FLAVIO DE CARVALHO
Flávio Resende de Carvalho (Amparo da Barra Mansa, Rio de Janeiro, 1899 - Valinhos, São Paulo, 1973). Pintor, desenhista, arquiteto, cenógrafo, decorador, escritor, teatrólogo, engenheiro. Muda-se com a família para São Paulo em 1900. Em 1911, passa a estudar em Paris e, três anos depois, na Inglaterra, onde, em Newcastle, em 1918, inicia o curso de engenharia civil no Armstrong College da Universidade de
Durham e ingressa no curso noturno de artes da King Edward the Seventh School of Fine Arts. Conclui o curso de engenharia em 1922 e nesse ano volta a residir em São Paulo, onde chega logo após a realização da Semana de Arte Moderna.
OBRAS:
- Conjunto de casas
Erguidas de 1936 a 1938, as dezessete casas distribuídas entre a alameda Lorena e a
Alameda Ministro Rocha Azevedo tinham como objetivo a formação de uma sociedade “moderna”, para os padrões do início do século passado.

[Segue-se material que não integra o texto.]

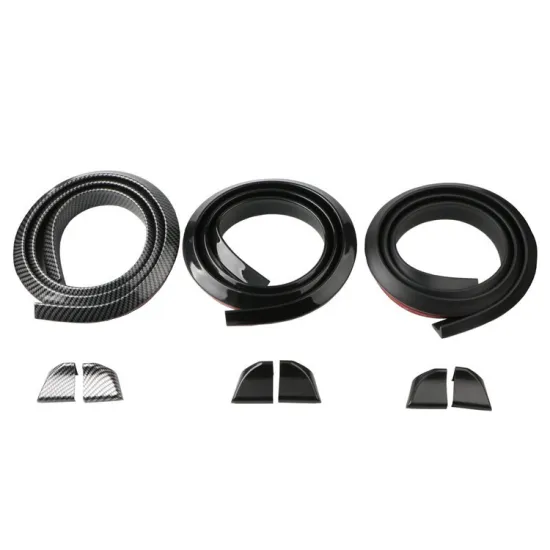 Wholesale Black Rear Wing, Spoiler, and Carbon Fiber Roof Trim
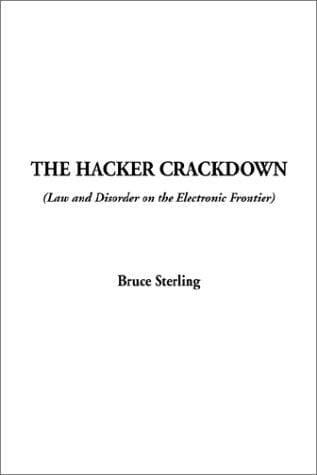Portada de The Hacker Crackdown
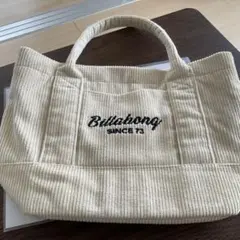 BILLABONG コーデュロイ トートバッグのサムネイル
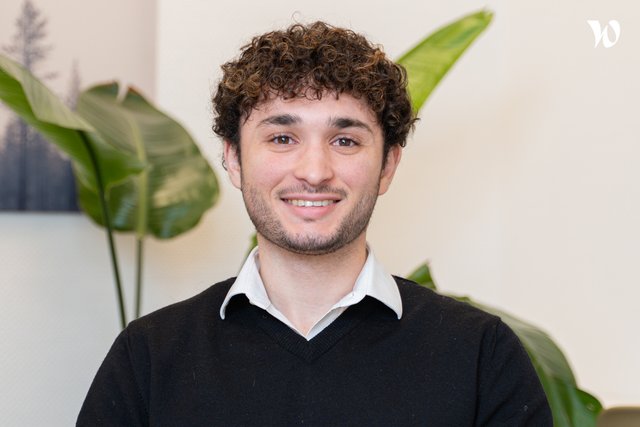 Rencontrez Saad, Stagiaire consultant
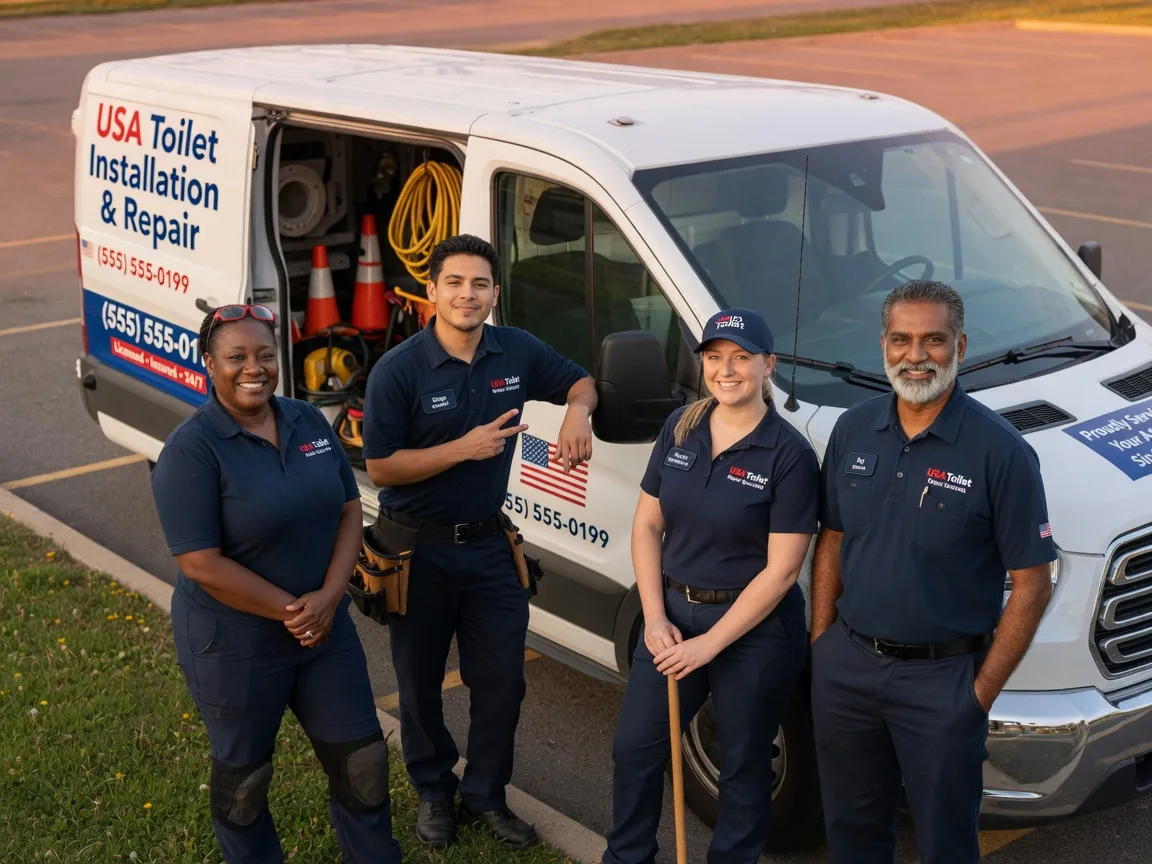 Toilet Installation company in Garden City, NY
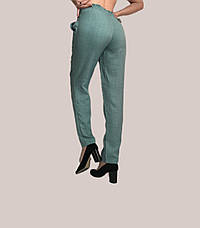Легкі жіночі брюки, № 28  бірюза, фото 2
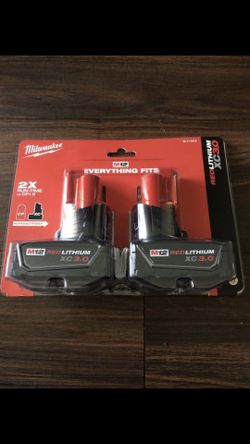 Milwaukee 3.0 m12 batteries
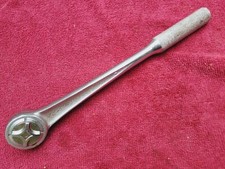 JH Williams S-52 Superratchet, 1/2" Dr. Fine Tooth Ratchet, Made in USA #1
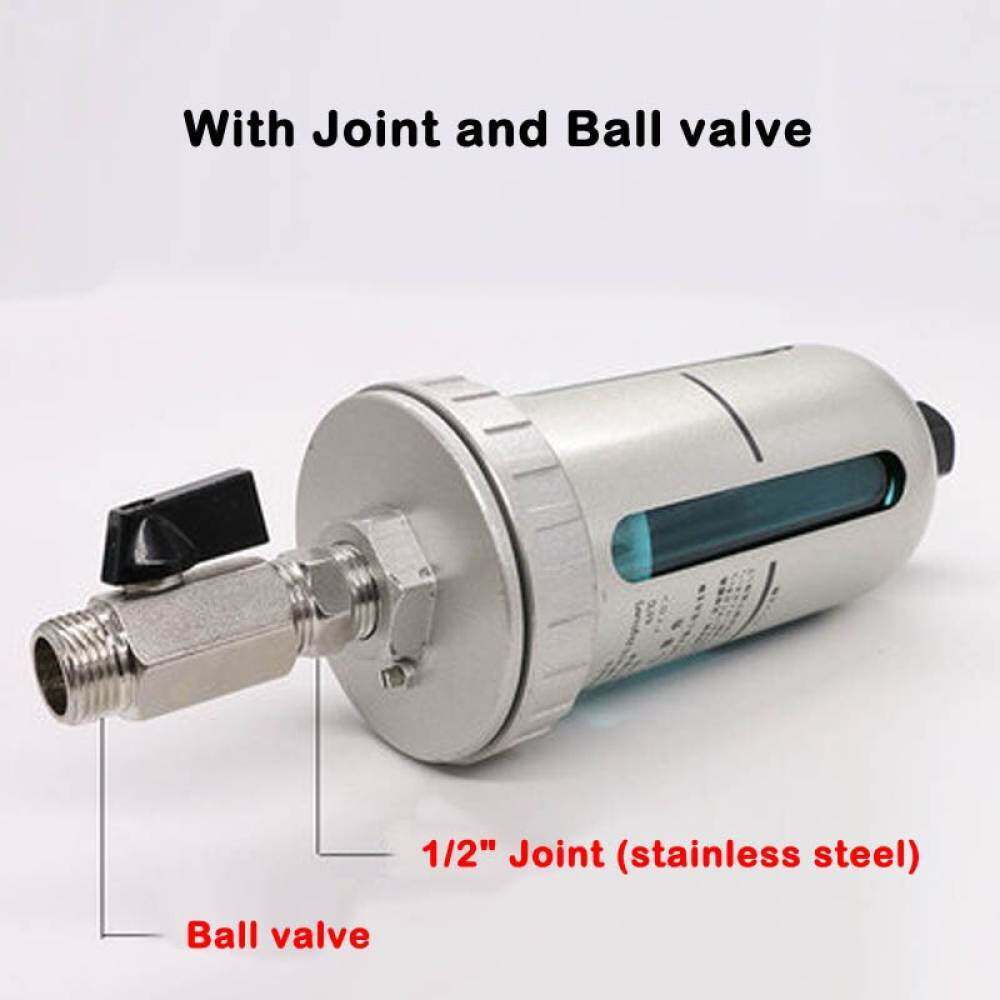 G 1 / 2 thoát nước tự động SMC loại máy bơm không khí van thoát nước AD402-04 van thoát nước ống tho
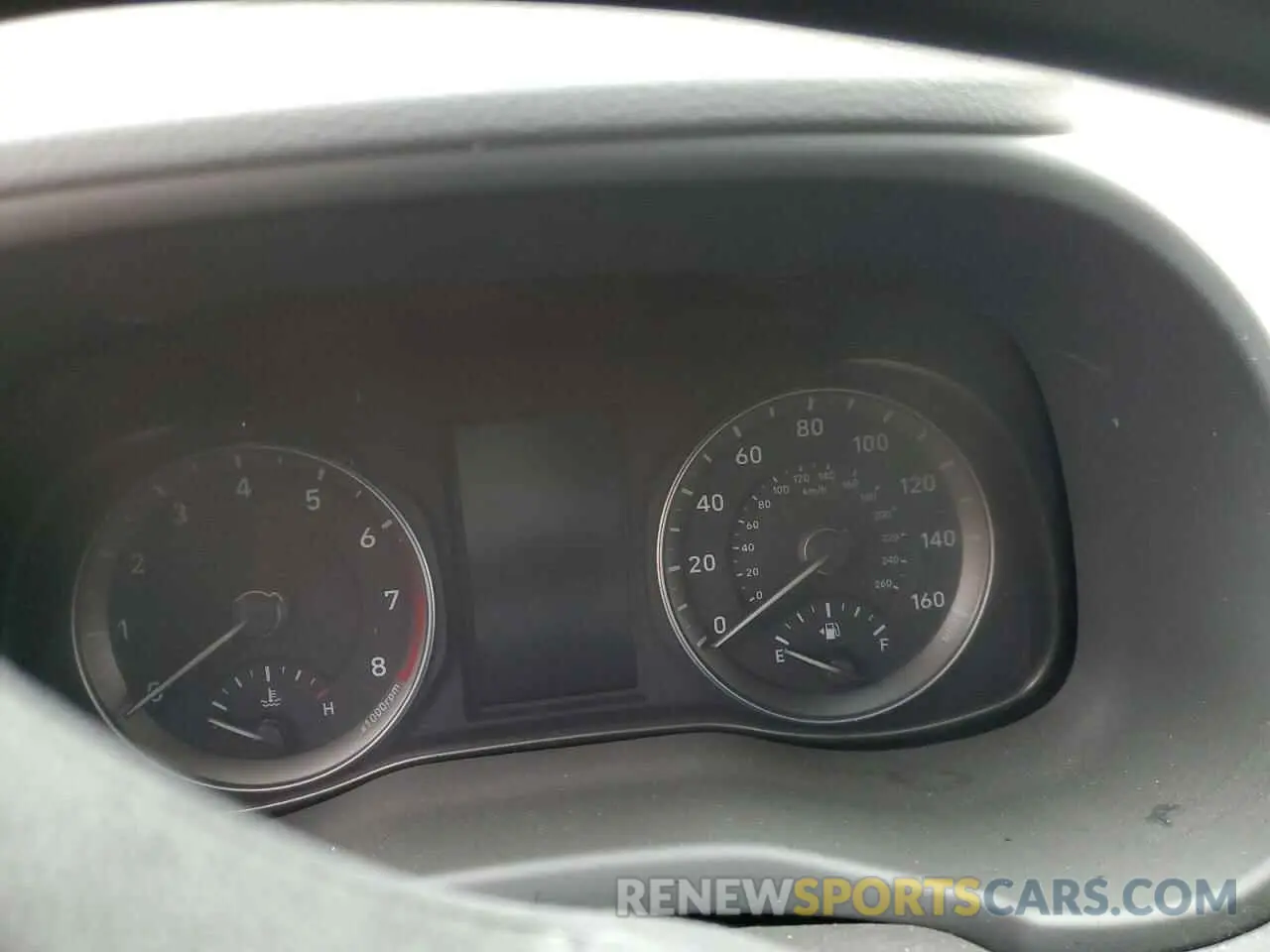 9 Photograph of a damaged car KM8K22ABXNU871868 HYUNDAI KONA 2022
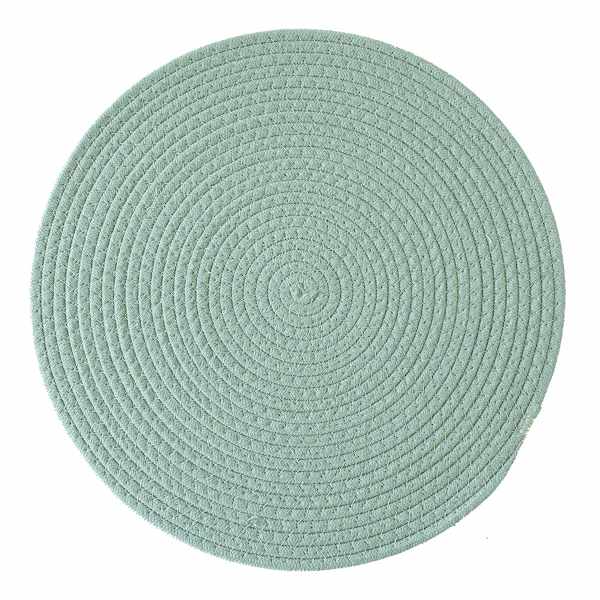 Avilla Eucalyptus Round Placemat, 15"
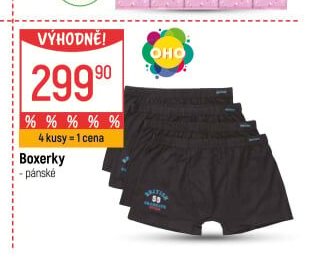 OHO Boxerky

Com 100 metros quadrados de área construída, as unidades possuem cômodos pequenos: a intenção era estimular a convivência no espaço público.
No folheto de divulgação do empreendimento, há até um “manual” de como habitar as residências de forma correta. Entre as dicas, o artista vanguardista sugeria o uso de móveis que ocupassem pouco espaço, “pois são mais estéticos, confortáveis e
higiênicos”. A ideia vingou entre a classe intelectual — a escritora Patrícia Galvão, conhecida como Pagu, foi uma das inquilinas —, mas falhou em atrair a atenção de famílias paulistanas.
No começo dos anos 40, o idealizador do projeto se viu obrigado a vender o complexo.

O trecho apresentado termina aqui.